Jesus commands us to love our neighbor as ourselves, how racism fits into this I do not know.

Paul says this,

There is neither Jew nor Greek, there is neither slave nor free man, there is neither male nor female; for you are all one in Christ Jesus.

Treating others as inferior is irreconcilable with what Scripture teaches. A Christian has no business being a racist, anymore than he has any business being an adulterer or a thief, or a hypocrite. That some still are habitually any of these 4, does not mean that Scripture condones these sins. The Apostle says, “Let God be found true, though every man be found a liar“, so the fault must lie with our misreading of God’s Word or failure to put it into practice.

This being said, does racism exist? Yes, and it is not solely an American phenomenon. It comes natural to human beings of all nations because of our fallen state. It is not going to go away so long as human beings populate this earth. It will be eradicated when the Lord returns but don’t hold your breath until then. This of course, does not mean that we shed responsibility if an injustice is being carried out.

2 perspectives on the case in Jena, Louisiana were recently presented by Leonard Pitts and Jason Whitlock.

Pitts’ contention is that racism is still alive (he’s right) and is playing a part in,

Jena, La., [where] six American children with dark skin were charged with attempted murder after jumping a pale child whose injuries amounted to a black eye and a concussion…

Yet, it has become common for some pale Americans to deny that these and other inequities have anything to do with skin tone. That’s an absurdity we left in the ’50s, they say. We are beyond that. There are no pale Americans and dark Americans. There are only Americans. They wish dark Americans would understand this and get over it already.

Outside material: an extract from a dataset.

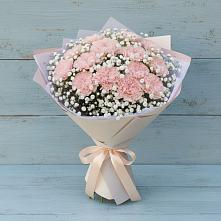 Букет цветов из:  Гвоздики в Шатрово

And it’s the darnedest thing. If you suggest that they are wrong, they will look at you askance, maybe even laugh, and wonder what is wrong with you. Because they know they’re right, know it in their bones, know it in their Bibles, know it with a certitude.

Know it beyond all question.

He contends that the same attitude behind segregation in the South is the same as the unfair prosecution of these 6 black kids, accused of beating a white classmate.

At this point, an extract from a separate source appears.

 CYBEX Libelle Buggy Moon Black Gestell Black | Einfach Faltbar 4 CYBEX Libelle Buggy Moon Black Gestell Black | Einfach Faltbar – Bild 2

Whitlock writes from a different perspective,

Jesse Jackson compared Thursday’s rallies in Jena to the protests and marches that used to take place in cities like Selma, Ala., in the 1960s. Al Sharpton claimed Thursday’s peaceful demonstrations were to highlight racial inequities in the criminal justice system.

Jesse and Al, as they’re prone to do, served a kernel of truth stacked on a mountain of lies.

There are undeniable racial and economic inequities in our criminal justice system, and from afar the “Jena Six” rallies certainly looked and felt like the righteous protests of the 1960s.

But the reality is Thursday’s protests are just another sign that we remain deeply locked in denial about the path we need to travel today for true American liberation, equality and power in the new millennium.

Check out both columns, they are good reads. Do you agree with either one of these guys?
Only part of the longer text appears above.